>>>
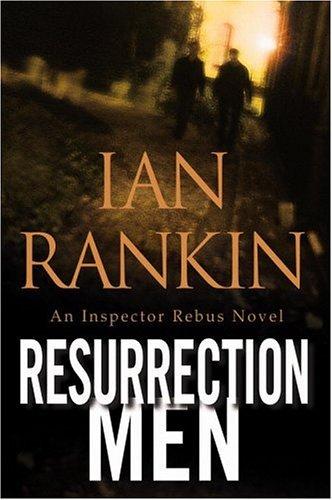 Cover of Resurrection Men Double Sided A2 Poster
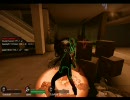 【L4D2】 だくとの対戦動画part3　外人VC有
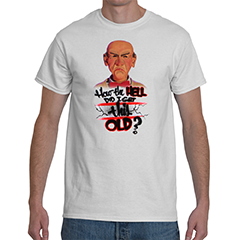 Walter - How did I get this Old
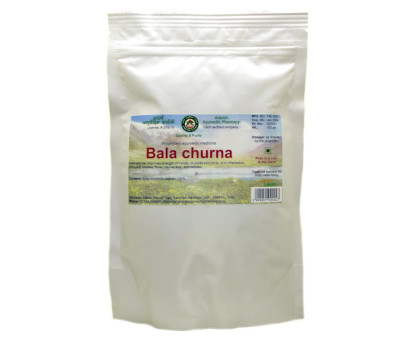 Bala polvere Adarsh Ayurvedic, 100 grammi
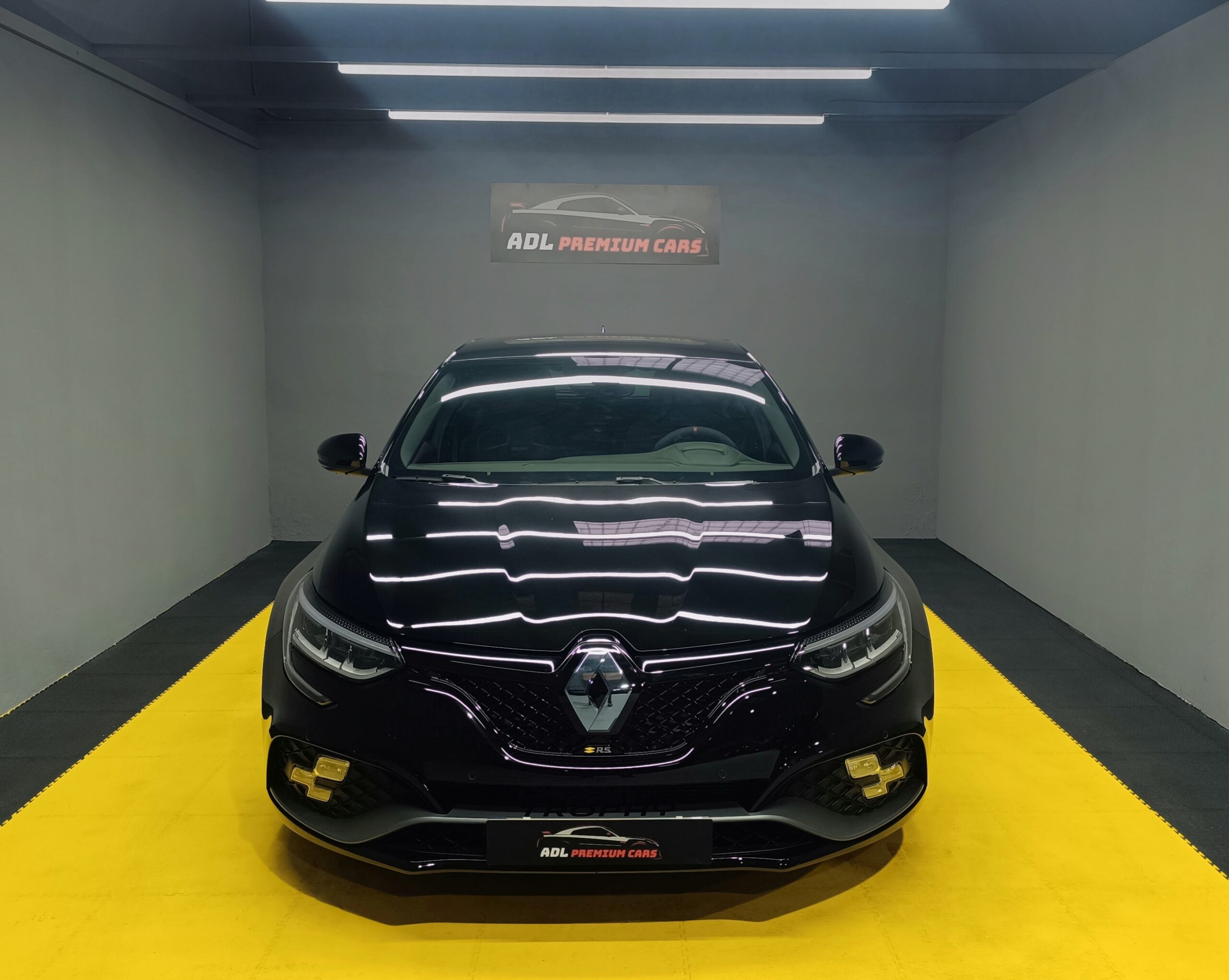 RENAULT MEGANE R.S TROPHY 1.8 300CV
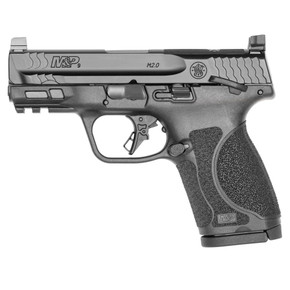 Smith and Wesson M&P9 M2.0 CPT 9MM 15+1 3.6" OR SM13570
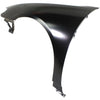 2005-2009 Buick Allure Fender Front Driver Side Model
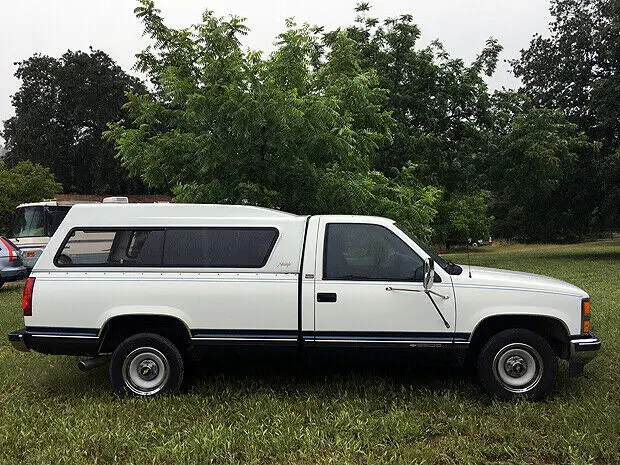 1988 Chevrolet Silverado 2500 Silverado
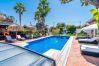Villa in Alhaurín el Grande - Cubo's Villa Las Palmeras Altas 17PAX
<<<
:: WHAT NEEDS TO BE DONE ::
Keep pictures out and return the lines from the one containing "2005-2009 Buick Allure" through the end of the listing, both included, character for character.

:: SOLUTION ::
 2005-2009 Buick Allure Fender Front Driver Side Model
 1988 Chevrolet Silverado 2500 Silverado
Villa in Alhaurín el Grande - Cubo's Villa Las Palmeras Altas 17PAX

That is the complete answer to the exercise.